The Idea
The text argues that the Islamic world did not experience a reformist path comparable to what Europe knew in the age of the Enlightenment. The point is not to deny any internal attempt at renewal, but to indicate the absence of a broad and profound transformation that reconfigured the relationship between religion, reason, and society in a similar way. Thus, what is at issue here is a historical gap in the conditions of reform, not a final judgment on Islamic civilization.
Concise Formulation
The Islamic world: it did not witness revolutions comparable to the European Enlightenment
Its Place in the Book’s Argument
This claim appears within a broader argument that seeks to explain the failure of modern renaissance in the Islamic sphere. Rather than limiting itself to a quick cultural comparison, the text links the absence of reformist transformation to the persistence of old mental and political structures.

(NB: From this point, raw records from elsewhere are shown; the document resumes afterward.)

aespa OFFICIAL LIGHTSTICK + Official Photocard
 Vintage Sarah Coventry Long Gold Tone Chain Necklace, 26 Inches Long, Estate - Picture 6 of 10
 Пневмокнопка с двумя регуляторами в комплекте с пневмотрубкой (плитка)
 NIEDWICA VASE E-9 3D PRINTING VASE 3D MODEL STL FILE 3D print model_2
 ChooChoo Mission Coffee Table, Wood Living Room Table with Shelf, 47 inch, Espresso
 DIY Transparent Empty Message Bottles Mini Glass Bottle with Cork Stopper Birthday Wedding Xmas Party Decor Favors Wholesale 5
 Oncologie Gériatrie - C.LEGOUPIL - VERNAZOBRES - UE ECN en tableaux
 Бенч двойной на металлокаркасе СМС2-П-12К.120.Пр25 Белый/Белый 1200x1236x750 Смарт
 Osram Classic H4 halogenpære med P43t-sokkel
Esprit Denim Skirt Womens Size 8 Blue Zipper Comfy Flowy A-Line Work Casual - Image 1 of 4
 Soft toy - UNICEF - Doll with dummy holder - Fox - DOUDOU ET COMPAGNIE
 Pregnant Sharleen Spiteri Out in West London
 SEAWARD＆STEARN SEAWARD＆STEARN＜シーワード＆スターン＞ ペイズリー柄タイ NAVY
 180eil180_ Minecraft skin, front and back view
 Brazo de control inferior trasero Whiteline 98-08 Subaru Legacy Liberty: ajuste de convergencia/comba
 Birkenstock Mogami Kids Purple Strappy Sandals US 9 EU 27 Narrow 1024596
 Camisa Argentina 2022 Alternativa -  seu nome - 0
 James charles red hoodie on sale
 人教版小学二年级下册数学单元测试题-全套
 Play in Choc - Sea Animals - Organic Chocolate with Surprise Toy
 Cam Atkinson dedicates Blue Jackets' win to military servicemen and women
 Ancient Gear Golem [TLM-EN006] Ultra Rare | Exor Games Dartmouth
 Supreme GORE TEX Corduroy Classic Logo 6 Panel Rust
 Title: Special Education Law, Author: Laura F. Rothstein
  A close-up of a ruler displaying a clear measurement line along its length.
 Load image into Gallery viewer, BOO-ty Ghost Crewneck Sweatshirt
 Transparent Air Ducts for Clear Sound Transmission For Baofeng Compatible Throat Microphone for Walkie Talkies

In this way, the European Enlightenment becomes a reference point for comparison only, not a ready-made model for replication, and the issue becomes one of history and conditions more than one of imitation.
Why It Matters
The importance of this claim lies in the fact that it places the reader before a question of the causes of blockage, not before a simple discourse of blame. It also helps to understand Arkoun as a critic of the structures that prevent reform from taking shape, rather than as merely a comparer of two civilizations. It likewise explains why he insists on rethinking the tools of understanding before settling for calls to modernization.
Brief Evidence
While the Islamic world did not witness comparable revolutions While the Islamic world did not witness comparable revolutions, it remained “ideologized”
Reading Questions
- Does the text mean the absence of reformist attempts, or the absence of deep historical transformation?
- How does this diagnosis affect his understanding of possible paths of reform?
Level of Documentation
High: the claim appears in a clear location in the book’s material.